Funds in a 529 plan can also be used to repay up to $10,000 in student loan debt. 

No. 3: There's too much risk the money will go to waste

If there's leftover money in the account, a family member of the current beneficiary can be named without tax consequences, said Mary Morris, chief executive of Virginia529 and vice chair of the College Savings Plans Network. The definition of a family member is broad and includes the beneficiary's spouse, child, sibling or step-sibling, parents, aunts and uncles, nieces, nephews and first cousins.

"It can go up and down the family tree," Morris said. "You have a lot of flexibility."

At worst, the owner can withdraw the funds and pay taxes and a 10% penalty on the earnings portion of the account, she added.

No. 4: It will ruin my family's financial aid application

Parent-owned 529 plans are treated more favorably than student-owned assets, so while there could be an impact on aid, it will be minimal compared with the savings potential, Biar said. "It's not enough to discourage people from saving," she said.

For parents who save more than the allotted $10,000 allowance, a maximum of 5.64% of parental assets will be counted, compared with a 20% rate for student assets.

If grandparents own the 529 account, it's not considered income to the beneficiary for financial aid purposes until a withdrawal is made, Biar said. A workaround for students graduating in four years — based on how income is reported on the Free Application for Federal Student Aid — is to use the money from the grandparent's 529 account after Jan. 1 of the student's sophomore year of college. If the student plans to graduate in five years, the distribution can be made after Jan. 1 of his or her junior year to avoid financial aid impact.

No. 5: It's useless if my child gets a scholarship

Scholarships can help defer higher-education costs, but a 529 plan can be used in conjunction with them.

Often, scholarships can only be used for tuition, whereas 529s can be used for books, room and board and other qualifying expenses, Biar said.

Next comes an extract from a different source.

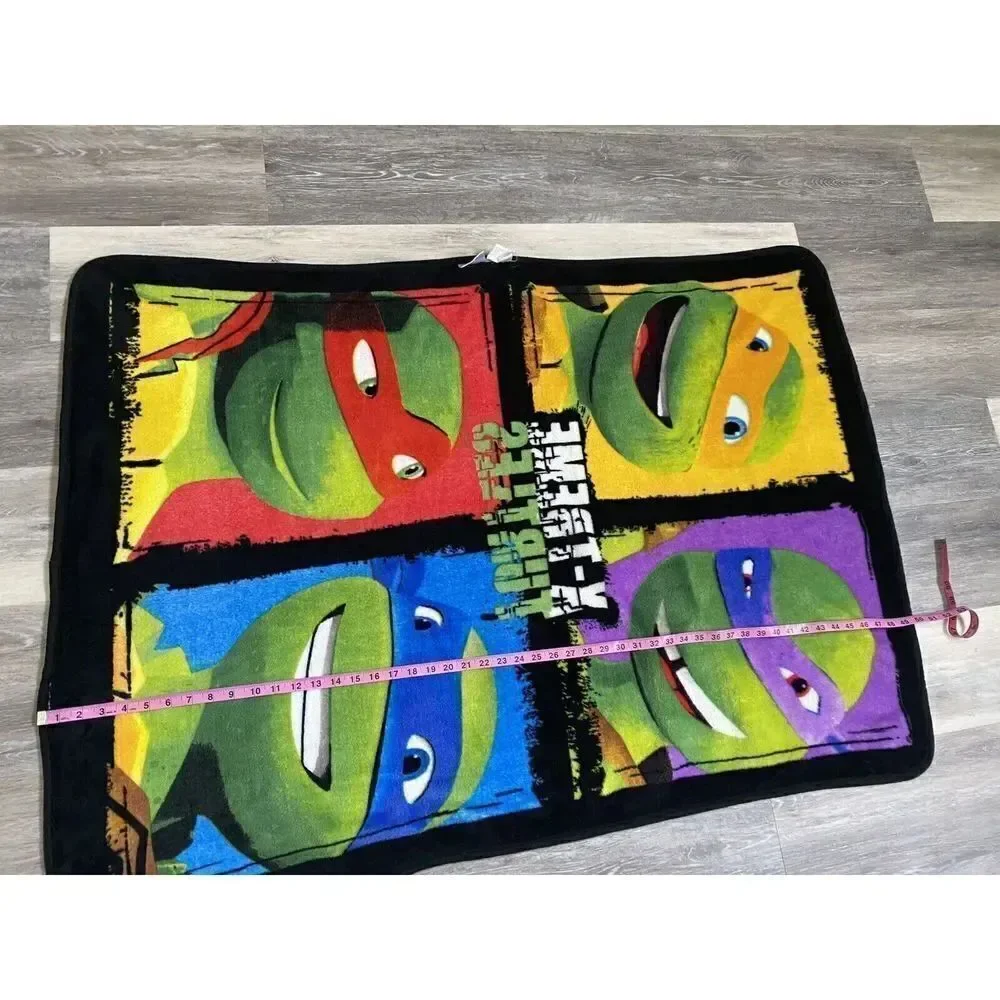 Nickelodeon Teenage Mutant Ninja Turtles Blanket Fleece Throw 48 x 33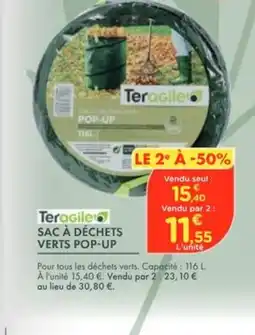 Point Vert TERAGILE Sac à déchets verts pop-up offre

Leftover funds in a 529 account won't be lost since another relative can be named as beneficiary.

No. 6: Now is a bad time to start saving for college

During market turbulence, people may feel concerned about their investments tanking, or conversely, when markets are doing especially well, they can be nervous about buying too high.

The reality is, you can't time the market and now is always a good time to start saving, Frerichs said. There are multiple investment choices based on risk tolerance and time horizon, and over time, you can benefit from compounded earnings. Even ultra-conservative investors can participate. Some plans offer FDIC-insured options, for instance.

"The best day to start saving for college is yesterday. The second best day to start saving for college is today," Frerichs said.